§ **Task to carry out**: Which lines run from the one containing "Photo of Bicycle" through the last line of the records? Copy them exactly, leaving pictures out.

━━━━

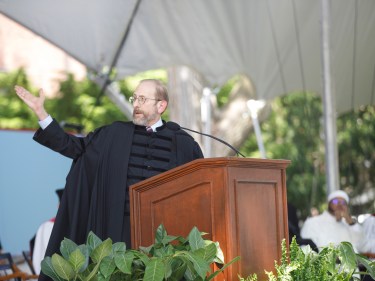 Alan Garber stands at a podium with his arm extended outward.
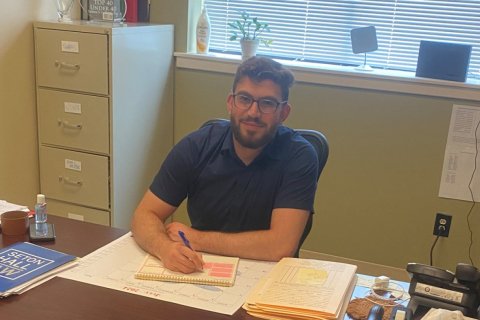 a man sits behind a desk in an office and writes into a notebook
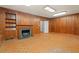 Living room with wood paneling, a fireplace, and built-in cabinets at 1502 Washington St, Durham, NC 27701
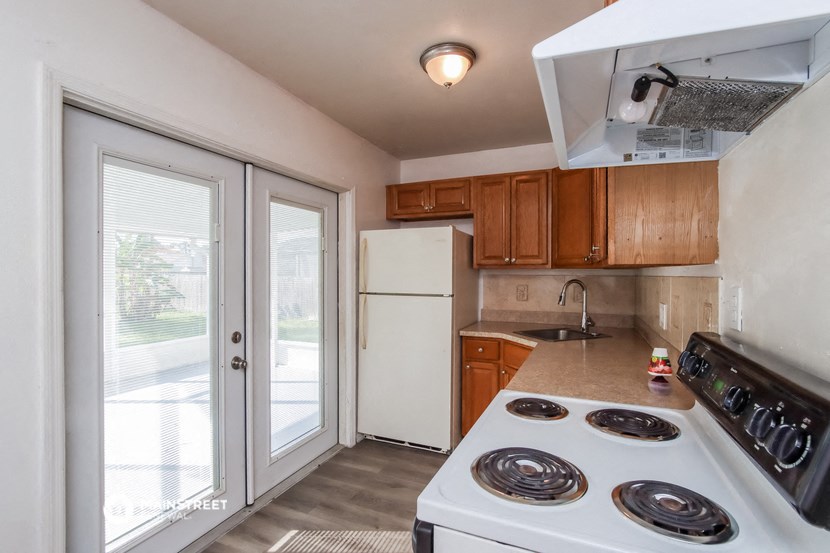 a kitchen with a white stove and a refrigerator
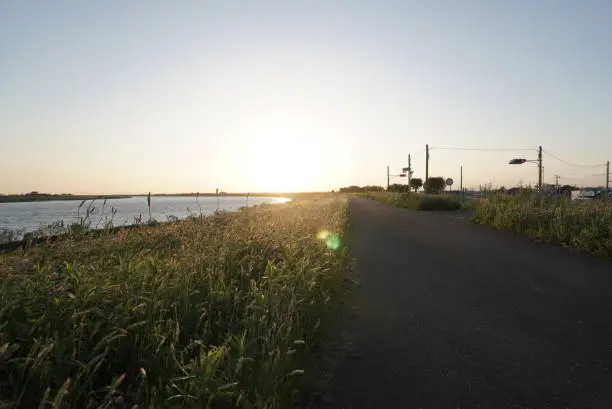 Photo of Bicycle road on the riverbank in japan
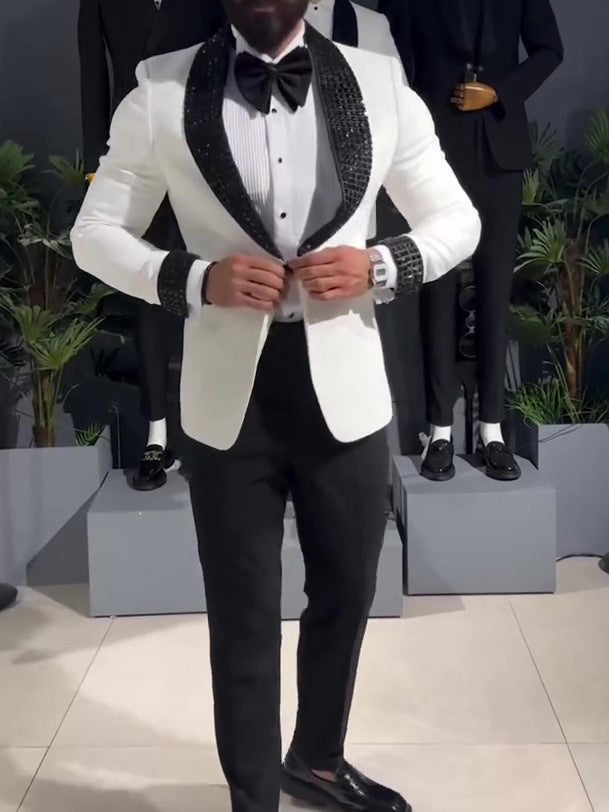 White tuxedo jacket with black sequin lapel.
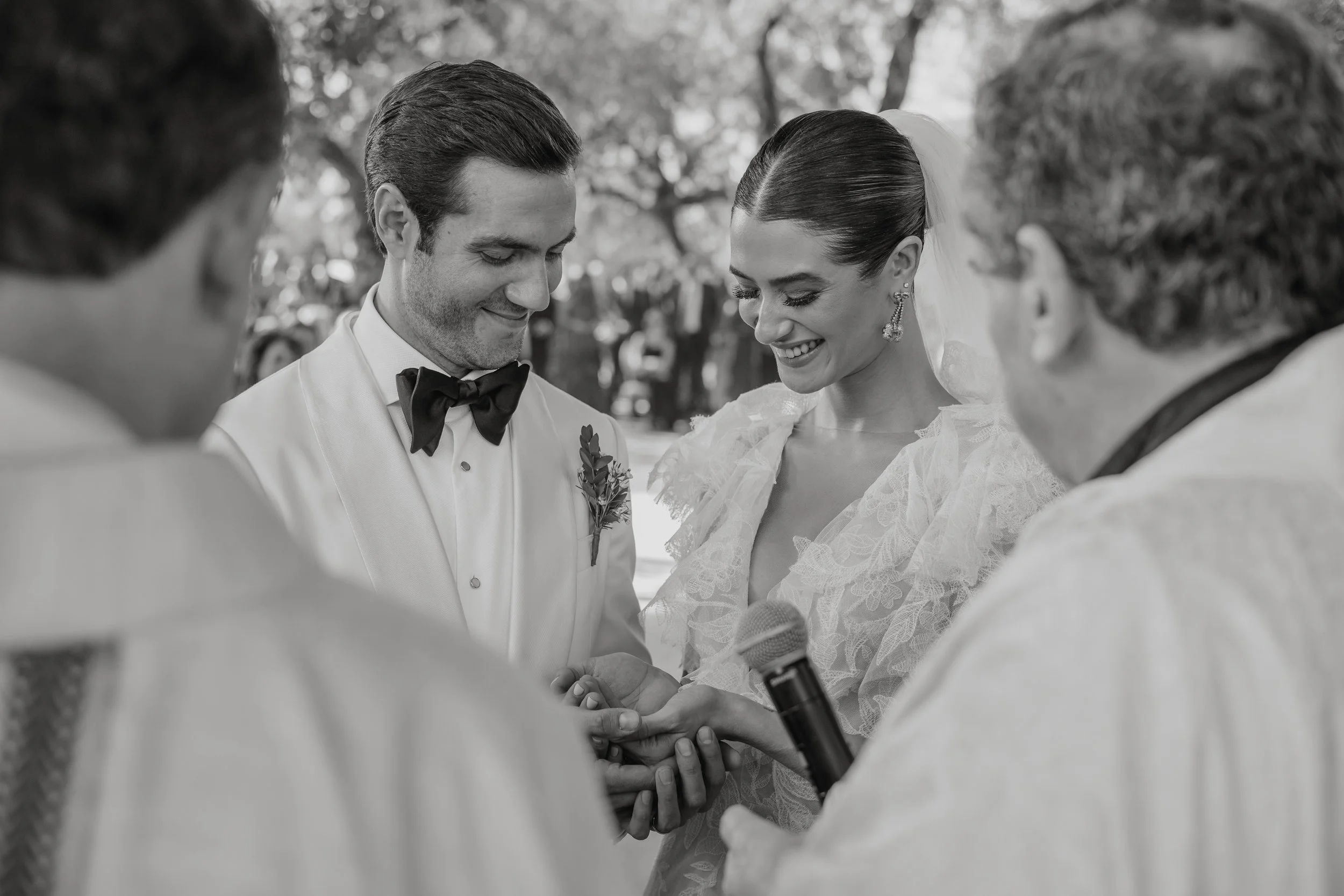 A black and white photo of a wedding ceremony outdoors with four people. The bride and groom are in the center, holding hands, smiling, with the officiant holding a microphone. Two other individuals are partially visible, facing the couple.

━━━━

§ **Output**:
 Photo of Bicycle road on the riverbank in japan
 White tuxedo jacket with black sequin lapel.
 A black and white photo of a wedding ceremony outdoors with four people. The bride and groom are in the center, holding hands, smiling, with the officiant holding a microphone. Two other individuals are partially visible, facing the couple.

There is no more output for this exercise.